In the op-ed piece “Eminently reasonable,” Brooklyn lawprof David Reiss writes that “using the power of eminent domain to restructure underwater mortgages is constitutional, beneficial and administratively feasible.”

Local governments across the country are considering an innovative use of eminent domain. They propose to condemn underwater mortgages (those that exceed the fair-market value of the home) in their communities and restructure them so that home­owners can afford their payments and so that the new mortgage is for less than the fair market value of the property. If this proposal is implemented, the local government will pay the owner of mortgages of “underwater” homes the fair market value for the mortgages. The local government will then restructure each mortgage by reducing the principal amount owed to be in line with a mortgage that would be appropriate for the fair market value of the home. This will result in lower monthly payments. It will also result in a sustainable transaction, one in which homeowners can imagine ultimately paying off their mortgages, the American Dream of owning one’s home free and clear.

Count us as skeptical. Our skepticism is triggered whenever eminent domain is considered “innovative.”

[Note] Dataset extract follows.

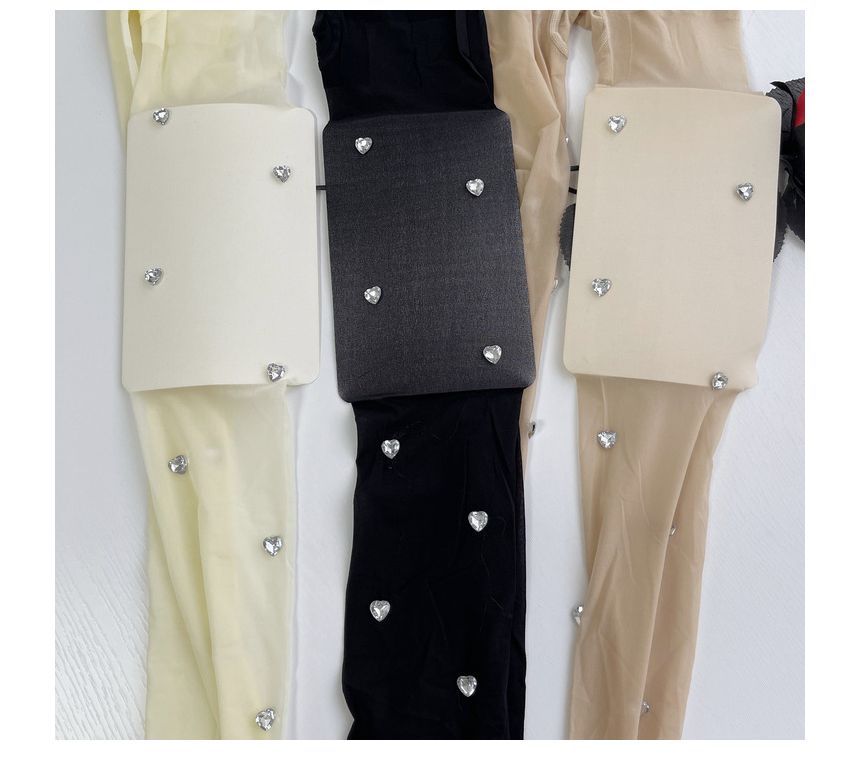 Gentiana - Hartvormige panty met strass steentjes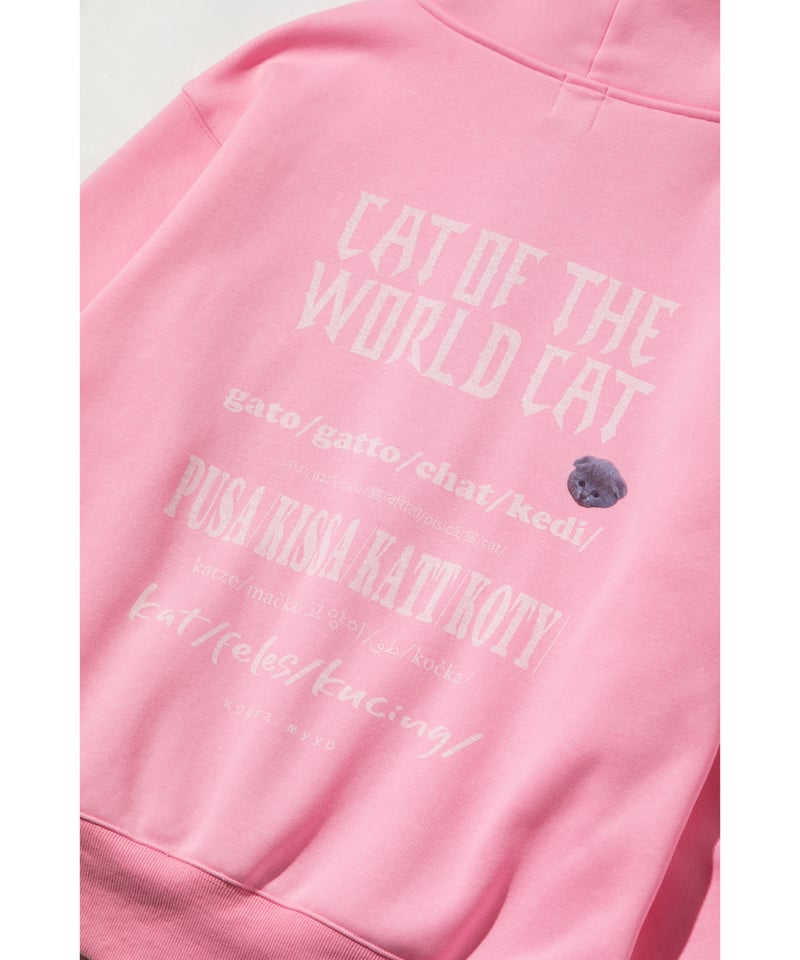 CAT OF THE WORLD ZIP UP HOODIE【WCJ-LK-021PNK】 |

The rule of law must of course be respected, or else lenders will not believe that they can make money and they will flee that particular market. But eminent domain has long been part of the legal framework of the housing market, referenced in standard mortgage documents. While its large-scale use is an unexpected application, we are in extraordinary times. And given the federal government’s failure to implement a solution to the problems communities face, it is utterly appropriate for local governments to use their intrinsic powers to address this crisis. Really, the worst-case scenario for future residential borrowers is that mortgages may be priced slightly higher to address the remote possibility that a government will use its power of eminent domain during some future emergency.